Dataset: The ZINC dataset is a collection of commercially available chemical compounds. It provides molecular structures and associated properties, which are used for training and evaluating the models.
Model Descriptions:
- Model 1: GIN (Graph Isomorphism Network):
- A GIN is designed to predict molecular properties directly from the graph representation of molecules.
- Model 2: Pretrained and Fine-tuned Model:
- This model is first pretrained on a node classification task to learn general features of molecular graphs.
- It is then fine-tuned specifically for the property prediction task.
- Model 3: Multitask Learning Model:
- This model simultaneously learns two tasks: node classification and property prediction.
- It shares some components between the tasks to leverage multitask learning benefits.
Code Attribution: This code is adapted from deepfindr/gnn-project.
Training and Validation:
- The training procedure includes splitting the data into training, validation, and test sets.

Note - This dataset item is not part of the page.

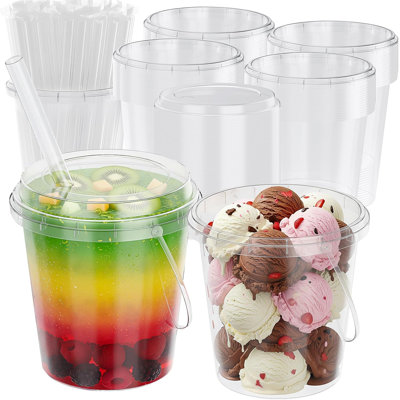 60 ensembles de seaux en plastique transparent avec couvercles et pailles, seau à boisson 24 oz avec poignée, seaux à cocktail jetables pour la piscine de la plage, fêtes d'Halloween, bar, bière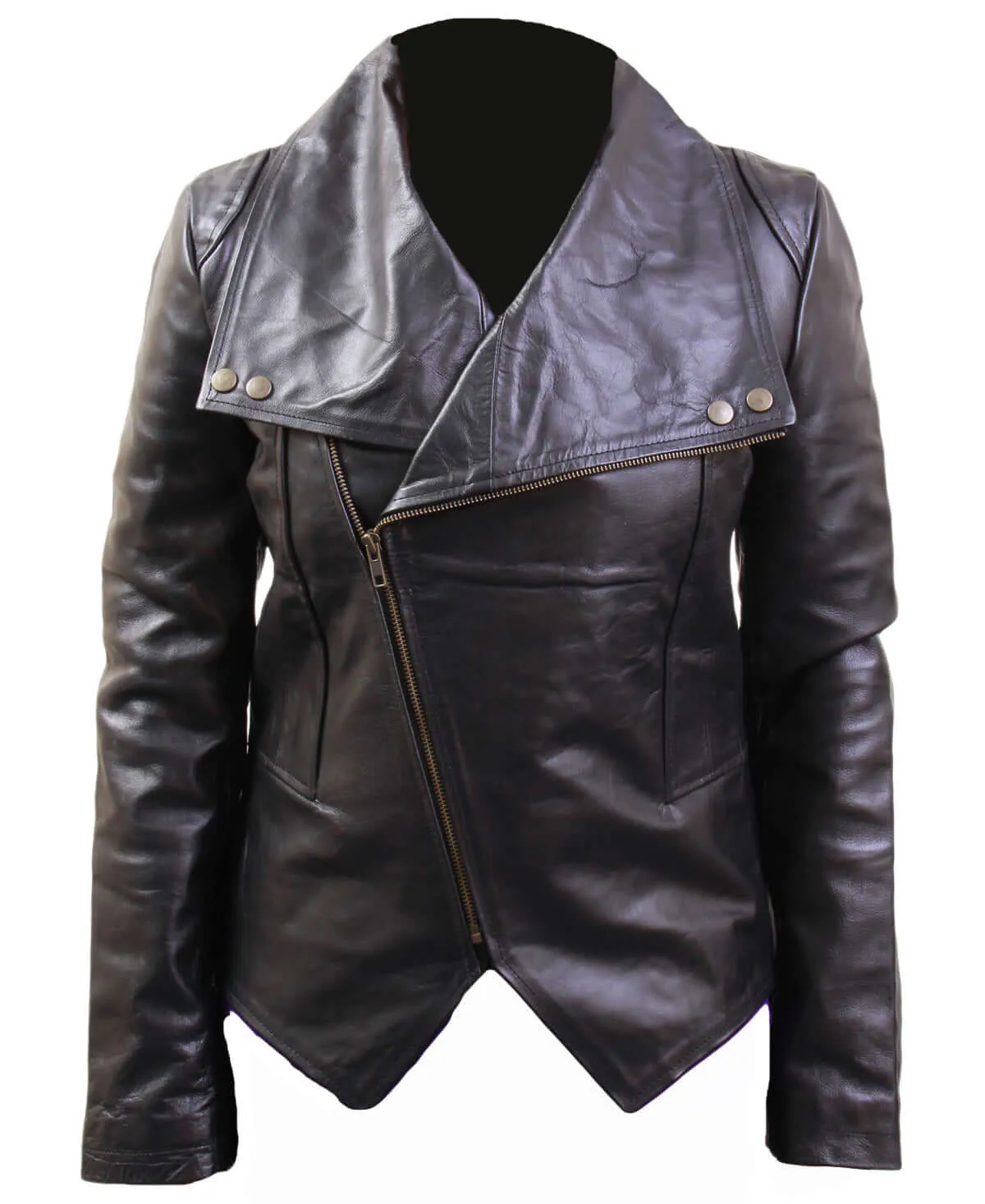 Women’s Big Wide Collar Black Biker Leather Jacket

- Hyperparameters, loss functions, and optimization techniques are kept consistent across models for fair comparison.
Evaluation Metrics:
- The primary evaluation metric is Mean Squared Error (MSE) for property prediction.
Performance Comparison:
- The following table summarizes the MSE results for all three models:
Model | Mean Squared Error (MSE) |
---|---|
GIN | 0.133 |
Pretrained and Fine-tuned | 0.120 |
Multitask Learning | 0.143 |
- The pretrained and fine-tuned model achieved the lowest MSE.